Another report stating the truth about Afghanistan - we're losing the hearts and minds of the Afghan people to the Taliban.

A Senlis Council survey found that fully half the men in the hotspot provinces of Helmand and Kandahar believe the international community will be defeated by the Taliban. In a counter-insurgency situation, half is not a 50/50 proposition, it's not even a C-minus, it's an F.

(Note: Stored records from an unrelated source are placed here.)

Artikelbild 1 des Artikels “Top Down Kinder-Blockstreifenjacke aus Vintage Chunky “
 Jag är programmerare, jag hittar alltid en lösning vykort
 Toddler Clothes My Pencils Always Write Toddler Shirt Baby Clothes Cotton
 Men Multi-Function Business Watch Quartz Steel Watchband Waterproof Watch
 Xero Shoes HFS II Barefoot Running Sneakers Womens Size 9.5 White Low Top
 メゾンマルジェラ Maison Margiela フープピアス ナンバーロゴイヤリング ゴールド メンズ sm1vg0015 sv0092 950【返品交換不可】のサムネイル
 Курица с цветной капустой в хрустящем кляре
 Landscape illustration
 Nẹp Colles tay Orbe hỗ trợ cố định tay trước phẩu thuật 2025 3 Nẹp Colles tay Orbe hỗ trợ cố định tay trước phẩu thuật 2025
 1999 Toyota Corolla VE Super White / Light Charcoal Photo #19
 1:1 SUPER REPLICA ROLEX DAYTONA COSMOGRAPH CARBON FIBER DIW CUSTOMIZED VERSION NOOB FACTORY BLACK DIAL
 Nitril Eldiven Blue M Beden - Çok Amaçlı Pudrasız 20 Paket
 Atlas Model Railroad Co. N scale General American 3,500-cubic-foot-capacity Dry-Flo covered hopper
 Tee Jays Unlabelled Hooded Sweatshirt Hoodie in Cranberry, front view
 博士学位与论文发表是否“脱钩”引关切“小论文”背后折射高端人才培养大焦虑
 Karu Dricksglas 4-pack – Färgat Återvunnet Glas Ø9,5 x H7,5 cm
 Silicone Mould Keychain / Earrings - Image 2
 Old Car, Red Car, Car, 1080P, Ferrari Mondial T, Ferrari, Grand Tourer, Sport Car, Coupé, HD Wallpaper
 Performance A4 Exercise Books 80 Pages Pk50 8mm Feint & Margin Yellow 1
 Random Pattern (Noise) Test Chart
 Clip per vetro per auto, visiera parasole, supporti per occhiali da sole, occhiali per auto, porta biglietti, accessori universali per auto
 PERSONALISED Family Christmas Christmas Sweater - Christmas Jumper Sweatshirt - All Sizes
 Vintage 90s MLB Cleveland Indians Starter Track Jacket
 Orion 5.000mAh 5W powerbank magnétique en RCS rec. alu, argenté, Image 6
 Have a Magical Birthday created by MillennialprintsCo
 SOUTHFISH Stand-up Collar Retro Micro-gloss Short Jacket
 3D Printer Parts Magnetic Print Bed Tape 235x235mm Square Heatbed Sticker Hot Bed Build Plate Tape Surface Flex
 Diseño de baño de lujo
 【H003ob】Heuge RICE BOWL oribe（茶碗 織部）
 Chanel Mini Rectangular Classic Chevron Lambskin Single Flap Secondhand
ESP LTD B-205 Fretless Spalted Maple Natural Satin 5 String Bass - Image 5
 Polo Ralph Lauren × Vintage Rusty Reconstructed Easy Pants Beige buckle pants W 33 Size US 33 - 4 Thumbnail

According to Senlis founder, Norine MacDonald of British Columbia:

- woefully inadequate aid and development, and misguided counter-narcotics policies, are turning people against NATO forces and making their work much more dangerous

- the survey shows alarming gains in Taliban support in the south, with 27 per cent of respondents backing the militants, compared with only 3 per cent in December 2005

- Eighty per cent of people surveyed said they worry about feeding their families, and 70 per cent know how to fire a weapon. People are hungry and angry, and when bombing campaigns level villages, it's not difficult to see how those facts come together

- In Kandahar and Helmand provinces, 80 per cent of respondents said the international troops were not helping them personally, and 71 per cent believed the Afghan government was also unhelpful.

"Meanwhile, a survey by the independent monitoring group Integrity Watch Afghanistan said that in the past five years – after the Taliban lost power –'corruption has soared to levels not seen in previous administrations,' and about 60 per cent of responders believed it was the most corrupt government in two decades.

"The poll of 1,258 Afghans said that under President Hamid Karzai, money 'can buy government appointments, bypass justice or evade police' with impunity. Weak law enforcement was mainly to blame, said the group's executive director, Lorenzo Delesgues.

"'Corruption has undermined the legitimacy of the state,' he said yesterday in Kabul.

Canada sent forces to Afghanistan treating it as a predominantly military issue. Our top general swaggered and boasted that his combat brigade was going to Kandahar to kill a "few dozen ...scumbags." It's becoming apparent that Hillier didn't bother learning the history of the place which would have shown him that these "scumbags" have, for centuries, proven themselves to be determined, skilled, resilient and courageous fighters who have repeatedly defeated larger, better organized and more powerful foreign armies. He didn't bother to learn the rudimentary lessons of counter-insurgency warfare, particularly the two fundamentals: you have to flood the place with large numbers of troops and you try to avoid using heavy firepower. Instead Hillier fashioned a force that was paltry in numbers and, in the result, unavoidably dependent on airstrikes and artillery to offset their weakness in numbers.

We committed our soldiers to Kandahar without regard to the shakey political dimension of this struggle. It was as though we assumed that Karzai's government was legitimate or perhaps we considered that to be America's problem. Either way, we're defending an illegitimate regime that most of the Afghan people in our area of operations utterly fear and loathe.

Deciding that the Karzai government deserved our support only because it wasn't the Taliban was naive, even stupid. Sending our soldiers over there equipped, staffed and trained to fight our notion of warfare, not the locals' was just as stupid, even irresponsible. Let's remember that support for the Taliban in Kandahar province has increased NINEFOLD since we assumed control of the place. If we keep going like this, where is that number going to stand by 2009?

We owe it to the men and women we send over there to fight and sometimes die to do what we neglected to do during Harpo's sham debate; to ask the tough questions and demand some straight answers from the government and General Rick Hillier, answers that are long overdue.